Please give back, exactly as written, the lines from the line with "Green Blue Checker" to the line with "(90x50cm) Baby Nestchen" in the listing below, leaving out all pictures.

Extracted material:
━━━━━━

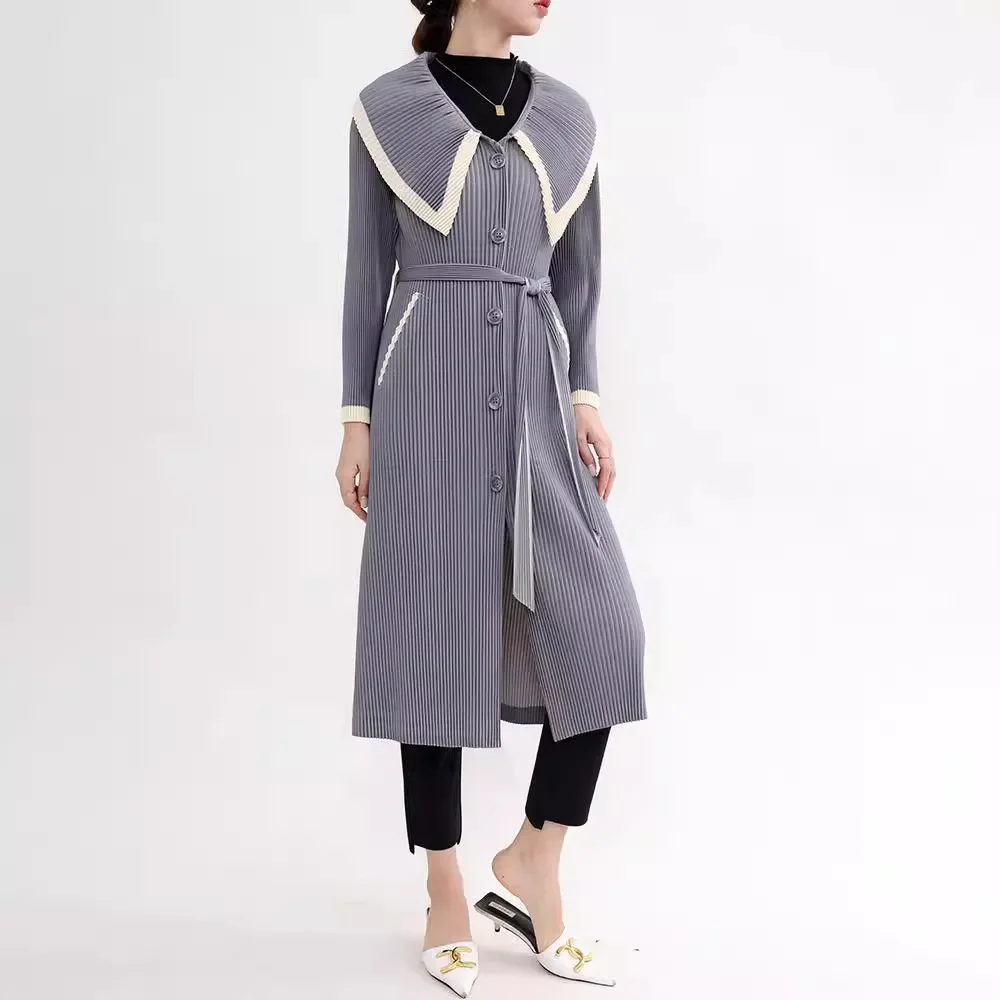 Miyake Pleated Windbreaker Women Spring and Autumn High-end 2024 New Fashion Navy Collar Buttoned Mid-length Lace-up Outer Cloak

━━━━━━

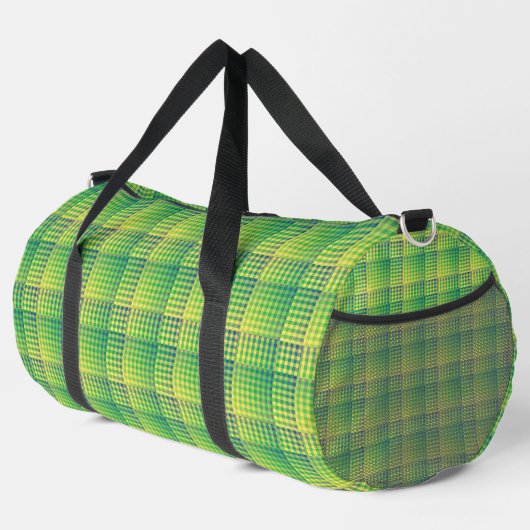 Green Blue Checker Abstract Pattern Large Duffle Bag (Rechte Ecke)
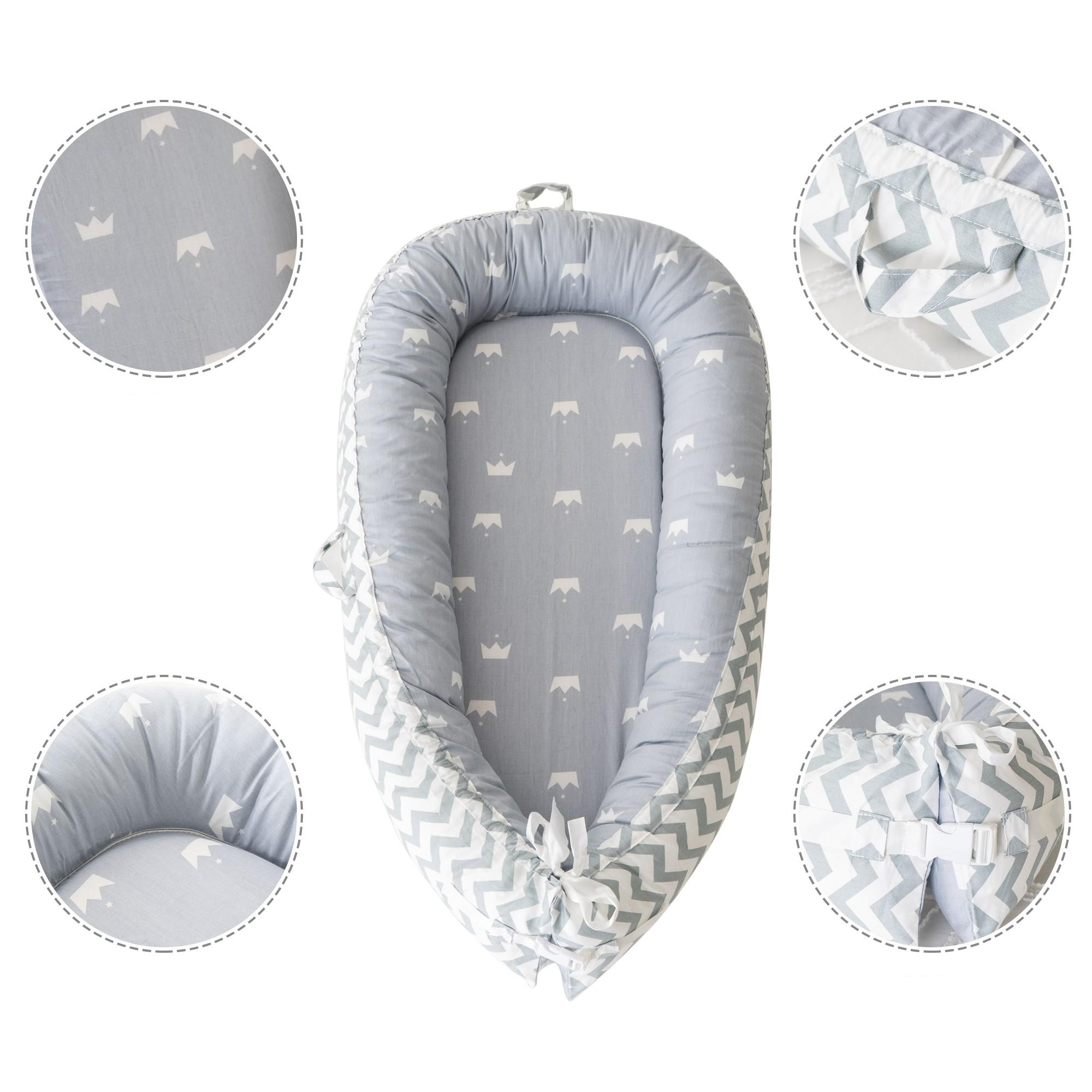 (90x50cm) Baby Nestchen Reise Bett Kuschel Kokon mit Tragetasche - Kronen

━━━━━━

Task solution:
 Green Blue Checker Abstract Pattern Large Duffle Bag (Rechte Ecke)
 (90x50cm) Baby Nestchen Reise Bett Kuschel Kokon mit Tragetasche - Kronen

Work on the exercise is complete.